/gutendex

Web API for Project Gutenberg ebook metadata

Primary LanguagePythonMIT LicenseMIT

Gutendex

Gutendex is a simple, self-hosted web API for serving book catalog information from Project Gutenberg, an online library of free ebooks.

Try it at gutendex.com.

Why?

Project Gutenberg can be a useful source of literature, but its large size makes it difficult to access and analyse it on a large scale. Thus, an API of its catalog information is useful for automating these tasks.

How does it work?

Gutendex uses Django to download catalog data and serve it in a simple JSON REST API.

Project Gutenberg has no such public API of its own, but it publishes nightly archives of complicated XML files. Gutendex downloads these files, stores their data in a database, and publishes the data in a simpler format.

Installation

See the installation guide.

API

When your server is up and running, you should see a home page that says "Gutendex" at the root URL (e.g. http://localhost:8000 by default when using manage.py to serve on your local machine).

You should run your own server, but you can test queries at gutendex.com.

Lists of Books

Lists of book information in the database are queried using the API at /books (e.g. gutendex.com/books).

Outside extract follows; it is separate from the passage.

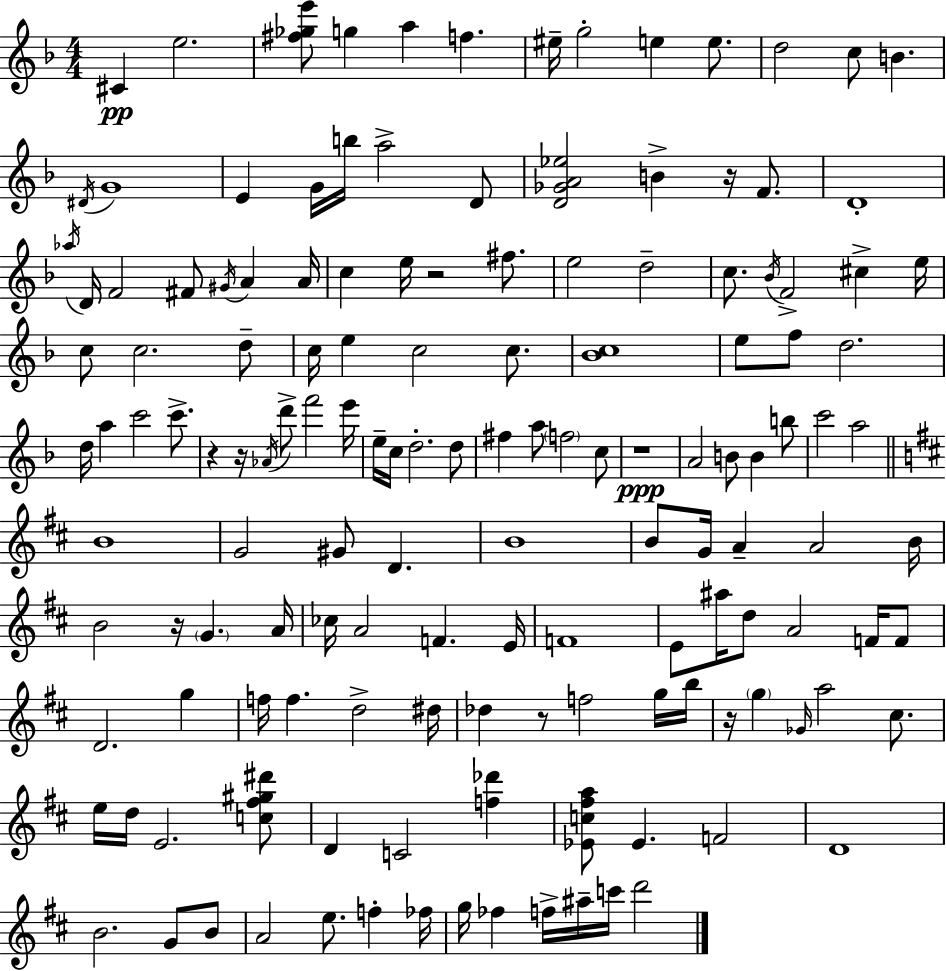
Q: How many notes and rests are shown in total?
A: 144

Book data will be returned in the JSON format

{
  "count": <number>,
  "next": <string or null>,
  "previous": <string or null>,
  "results": <array of Books>
}

where results is an array of 0-32 book objects, next and previous are URLs to the next and previous pages of results, and count in the total number of books for the query on all pages combined.

Books are ordered by popularity, determined by their numbers of downloads from Project Gutenberg.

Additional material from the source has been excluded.